PTPN VIII Gunung Mas sangat jelas  telah melakukan klaim – penyerobotan secara sepihak areal tanah Perumahan dan Pemukiman Kampung Naringgul; yang sebenarnya adalah pihak PTPN VIII Gunung Mas, statusnya  sebagai  peminjam  areal tanah Perumahan dan Pemukiman warga Kampung Naringgul untuk lokasi emplasement PTPN VIII Gunung Mas, tanpa uang sewa sepeserpun kepada pihak pemegang hibah areal tanah Kp. Naringgul. Diduga keras, PTPN VIII Gunung Mas melakukan praktek Mafia Tanah yang melibatkan oknum – oknum pejabat tertentu di Kabupaten Bogor, melakukan alih fungsi dan memperjual – belikan  areal tanah  Kawasan Tanah HGU yang dikelolanya untuk kepentingan  lainnya.   

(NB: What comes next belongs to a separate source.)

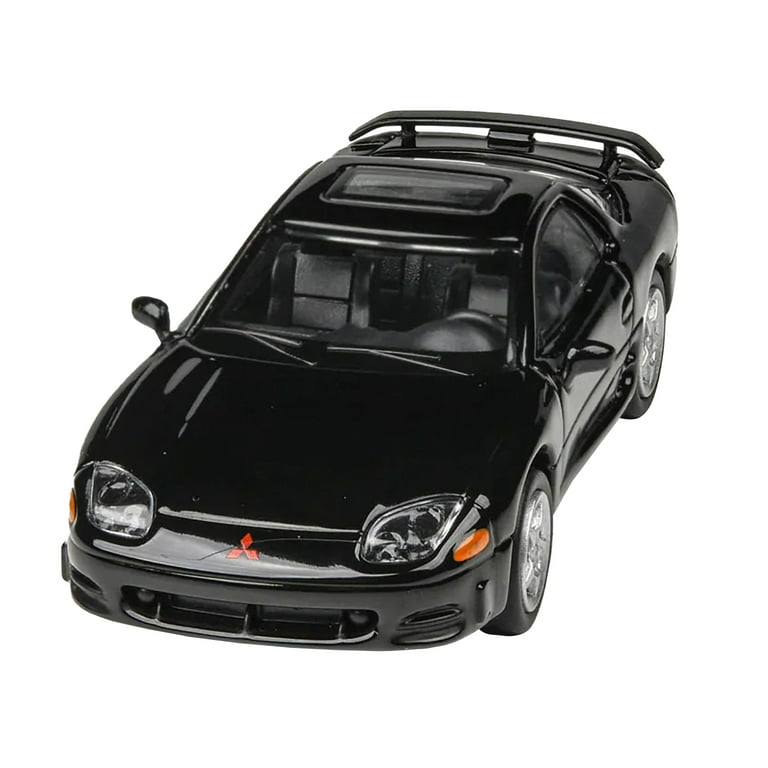 Mitsubishi 3000GT GTO Pyrenees Black with Sunroof 1/64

Seabad lebih sudah, warga Kampung Naringgul menempati areal Perumahan dan Pemukiman kurang lebih 112 tahun. Terhitung semenjak  tahun 1910 sampai tahun 2022 sekarang. Warga Kampung Naringgul saat ini, sudah  memasuki generasi ke delapan.  Tercatat, jumlah penduduk Kampung Naringgul mencapai 235 kk, 675 jiwa manusia; mendiami areal lahan tanah Perumahan dan Pemukiman tersebut, terancam pergi diusir secara paksa dari kampung halaman dan  tanah kelahirannya sendirin. Semua ini disebabkan  klaim sepihak PTPN VIII Gunung Mas Nusantara Puncak yang mengagendakan Pembangunan Kawasan Agrowisata bekerja sama dengan PT Candi Sukuh dalam bentuk Kerjasama Kemitraan atau Kerjasama Operasi (KSO), yang merupakan agenda strategis pembangunan dan pengembangan investasi bisnis PTPN VIII Gunung Mas  di sektor agrowisata.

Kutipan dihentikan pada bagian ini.